*GIVEN INFORMATION*.
BEGIN

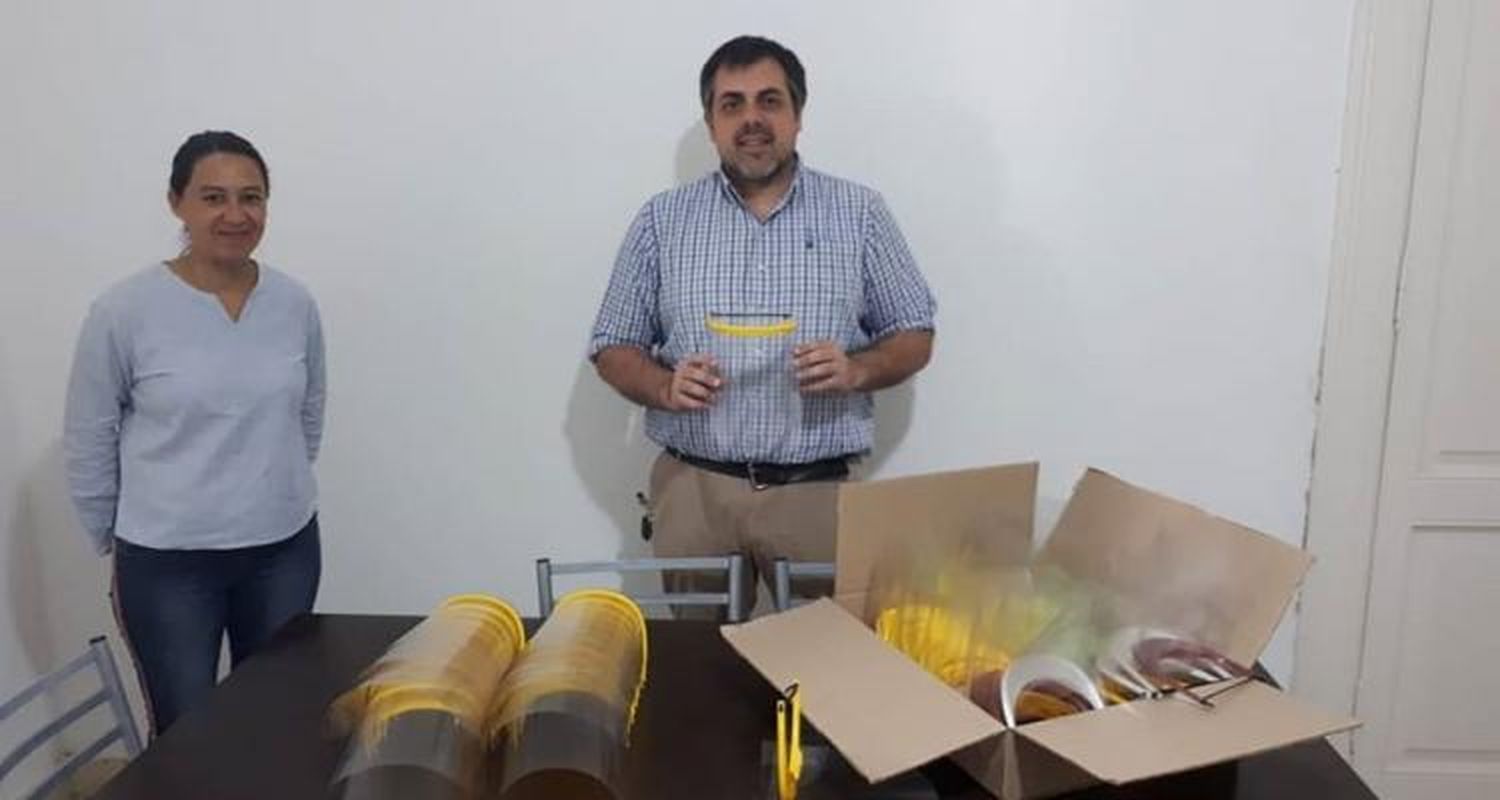 Coronavirus: Las primeras 100 máscaras confeccionadas por vecinos fueron entregadas al municipio
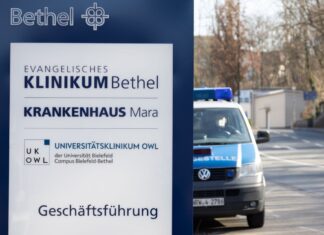 Im Zuge der wiederaufgenommenen Ermittlungen hatte es am Klinikum 2022 auch Durchsuchungen gegeben. (Archivbild)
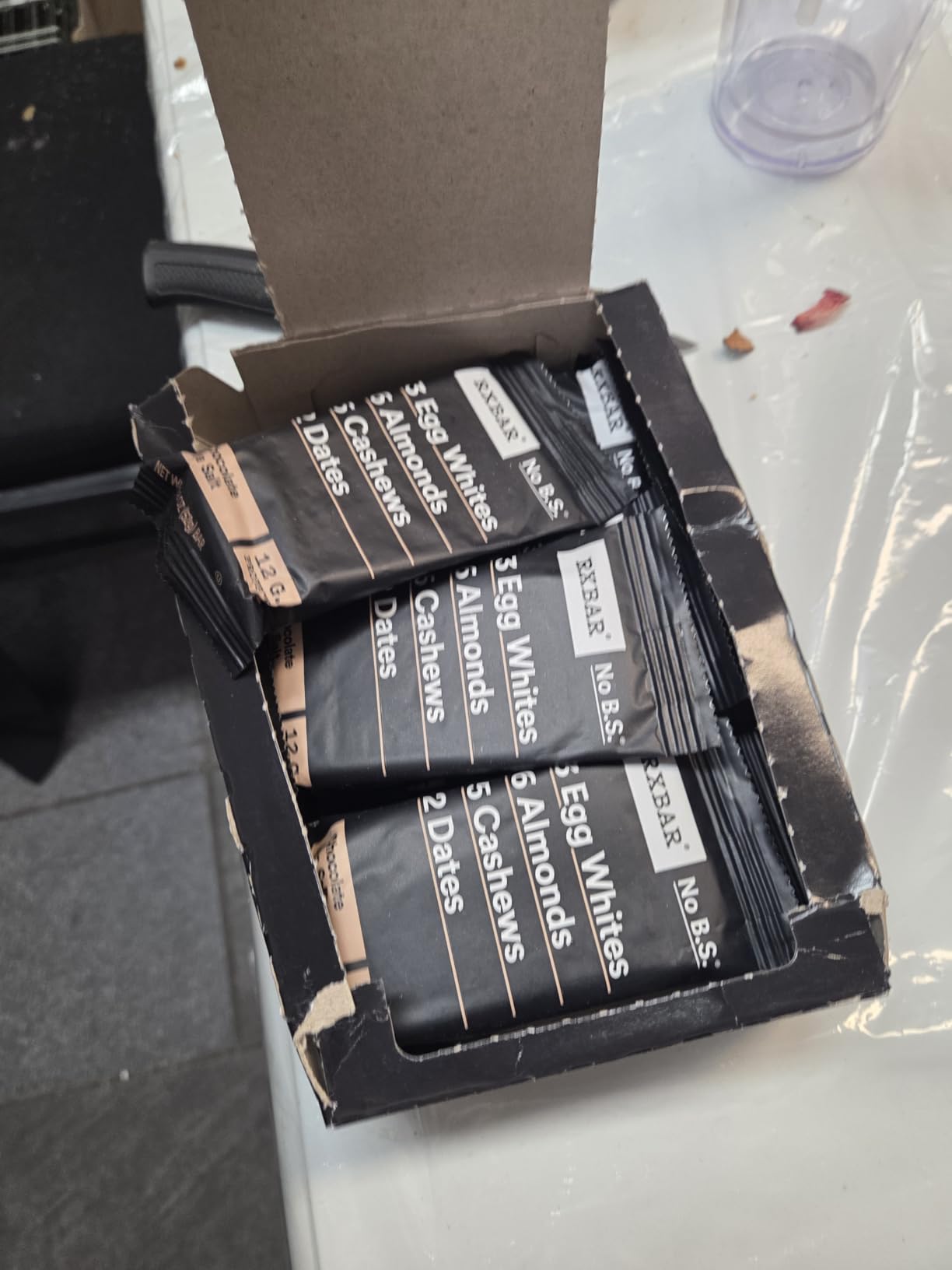 RXBAR Protein Bars, 12g Protein, Gluten Free Snacks, Chocolate Sea Salt, 22oz Box (12 Bars) customer photo 1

END

*YOUR INSTRUCTIONS*.
Copy every line of the data exactly as written, excluding the pictures.

*RESULT*.
 Coronavirus: Las primeras 100 máscaras confeccionadas por vecinos fueron entregadas al municipio
 Im Zuge der wiederaufgenommenen Ermittlungen hatte es am Klinikum 2022 auch Durchsuchungen gegeben. (Archivbild)
 RXBAR Protein Bars, 12g Protein, Gluten Free Snacks, Chocolate Sea Salt, 22oz Box (12 Bars) customer photo 1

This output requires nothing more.